The direct impacts of IMF and the World Bank have shown that the structural adjustment programs provided by the two international financial organizations can help countries in financial crisis to come out from their credit problems if they adhered to the conditions laid down for them by the IMF and World bank.

Thus, by adhering to these conditions, some countries have been able to come out from economic crises such as inflation, unemployment, unfavorable balance of payments, and other financial crisis that affects the global finance. For example, many countries in Asia that had serious economic problems in the 1970s have come out to be among the newly industrialized countries’ 2000s. (Boockmann, Dreher, 2002).

Despite the relationship between the IMF and the World Bank in controlling global finance, opinion still revealed that the World Bank has more technical instruments to control global finance than the IMF. As indicated by Boockmann and Dreher (2002), “the number of projects increases economic freedom, while the volume of credits reduces freedom.

This finding applies not only to the composite freedom index, but also to the individual index components, in spite of the fact that the index components cover very different areas of economic policy, such as monetary or fiscal policy, the quality of the legal system, or barriers to trade.

World Bank projects are more likely to improve economic freedom than do IMF programs. Programs of the latter institution have, according to our estimates, not led to changes in structural, growth-oriented policies”. (Boockmann, Dreher, 2002).


The report has revealed that the IMF and the World bank are interrelated in controlling global finance.
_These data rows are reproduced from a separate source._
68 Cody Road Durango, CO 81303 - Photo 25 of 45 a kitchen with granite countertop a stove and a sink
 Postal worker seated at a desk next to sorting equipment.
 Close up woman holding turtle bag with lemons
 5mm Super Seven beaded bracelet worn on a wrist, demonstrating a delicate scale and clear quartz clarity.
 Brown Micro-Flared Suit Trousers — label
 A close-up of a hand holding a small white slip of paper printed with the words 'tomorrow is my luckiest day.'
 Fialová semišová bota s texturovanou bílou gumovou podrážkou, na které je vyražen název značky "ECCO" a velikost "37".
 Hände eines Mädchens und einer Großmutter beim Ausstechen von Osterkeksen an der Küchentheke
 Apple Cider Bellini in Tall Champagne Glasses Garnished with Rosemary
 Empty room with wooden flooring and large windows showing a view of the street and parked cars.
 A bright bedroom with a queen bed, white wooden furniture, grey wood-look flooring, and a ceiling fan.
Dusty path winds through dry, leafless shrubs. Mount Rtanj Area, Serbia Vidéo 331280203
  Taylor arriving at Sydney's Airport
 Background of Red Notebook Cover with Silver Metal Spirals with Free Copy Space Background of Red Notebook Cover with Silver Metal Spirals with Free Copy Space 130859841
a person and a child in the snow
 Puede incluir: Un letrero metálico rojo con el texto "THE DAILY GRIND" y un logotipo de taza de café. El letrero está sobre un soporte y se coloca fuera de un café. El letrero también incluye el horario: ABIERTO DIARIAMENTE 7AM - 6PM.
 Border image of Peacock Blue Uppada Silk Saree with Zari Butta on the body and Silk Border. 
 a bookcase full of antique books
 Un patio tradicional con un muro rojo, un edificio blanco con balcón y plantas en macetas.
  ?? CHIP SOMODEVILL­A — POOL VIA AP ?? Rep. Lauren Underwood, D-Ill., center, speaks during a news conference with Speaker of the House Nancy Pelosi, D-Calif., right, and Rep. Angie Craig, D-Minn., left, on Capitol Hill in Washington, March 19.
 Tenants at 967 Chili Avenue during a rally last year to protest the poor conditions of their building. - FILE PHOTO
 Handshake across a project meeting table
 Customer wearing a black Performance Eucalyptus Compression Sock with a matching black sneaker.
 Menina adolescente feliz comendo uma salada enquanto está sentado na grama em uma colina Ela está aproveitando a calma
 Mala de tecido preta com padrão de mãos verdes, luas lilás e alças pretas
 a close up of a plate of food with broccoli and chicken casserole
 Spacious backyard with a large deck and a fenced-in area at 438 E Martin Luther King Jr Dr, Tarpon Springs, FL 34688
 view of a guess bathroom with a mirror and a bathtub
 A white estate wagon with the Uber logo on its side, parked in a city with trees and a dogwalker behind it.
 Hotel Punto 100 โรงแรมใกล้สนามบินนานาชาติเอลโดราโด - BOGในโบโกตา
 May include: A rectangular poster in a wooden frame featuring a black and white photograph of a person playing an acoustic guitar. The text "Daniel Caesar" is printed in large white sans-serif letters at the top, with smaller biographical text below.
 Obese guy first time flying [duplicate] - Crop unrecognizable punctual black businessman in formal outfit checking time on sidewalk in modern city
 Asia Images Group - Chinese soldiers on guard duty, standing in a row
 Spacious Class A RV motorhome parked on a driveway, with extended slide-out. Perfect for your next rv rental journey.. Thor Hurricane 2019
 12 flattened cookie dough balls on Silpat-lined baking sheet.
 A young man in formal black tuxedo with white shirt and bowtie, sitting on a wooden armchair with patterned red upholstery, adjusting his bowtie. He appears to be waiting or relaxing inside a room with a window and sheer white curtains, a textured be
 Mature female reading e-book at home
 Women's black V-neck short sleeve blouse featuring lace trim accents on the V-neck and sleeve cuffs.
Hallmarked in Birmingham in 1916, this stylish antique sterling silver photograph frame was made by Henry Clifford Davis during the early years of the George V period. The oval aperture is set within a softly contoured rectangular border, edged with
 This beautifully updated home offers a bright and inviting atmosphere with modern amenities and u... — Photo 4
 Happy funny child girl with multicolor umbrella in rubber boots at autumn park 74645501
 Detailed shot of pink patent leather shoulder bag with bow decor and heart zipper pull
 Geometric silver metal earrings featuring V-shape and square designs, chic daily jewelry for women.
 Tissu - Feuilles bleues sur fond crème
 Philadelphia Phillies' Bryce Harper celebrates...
While the IMF offers short – term and medium-term loans to countries with financial problems in order to come out from the problems, the World Bank offers a long-term loan for countries in order to ensure economic reforms.

Typically, the IMF offers a strict platform under which a country can obtain long-term loans from the World bank. The interrelationship of the IMF and World bank enhances the control of global finance.


There is some criticism levied on IMF and World bank because leaders of some countries in Africa and Asia often divert IMF and World Bank’s loans in their private accounts. This has made the loans provided by the IMF and World to be ineffective.

Thus, for the effective implementation of the World Bank and IMF loans, the two international financial organizations must provide the necessary supervision, advice, staff, and support for the countries in financial crisis in order to ensure that the loans provided are implemented in the right directions.


Boockmann , B, Dreher, A, (2002), The Contribution of the IMF and the World Bank to Economic Freedom, Social Science Electronic Publishing, Inc.

Doebbler, C, F, J, (2009), The UN Responds to the Global Financial Crisis? Opinion Editorial.

Sanford, J, E, Weiss, M, A, (2009), The Global Financial Crisis: Increasing IMF Resources and the Role of Congress, CRS Report for Congress, USA.

Loughborough University (2009), Lecture 7 International Institutions, GAAT, WTO, IMF (World Bank), Department of Economics.

Loughborough University, (2009) Lecture Note on Economics, Department of Economics.

World Bank Group, (2009), World Bank History, World Bank Archive.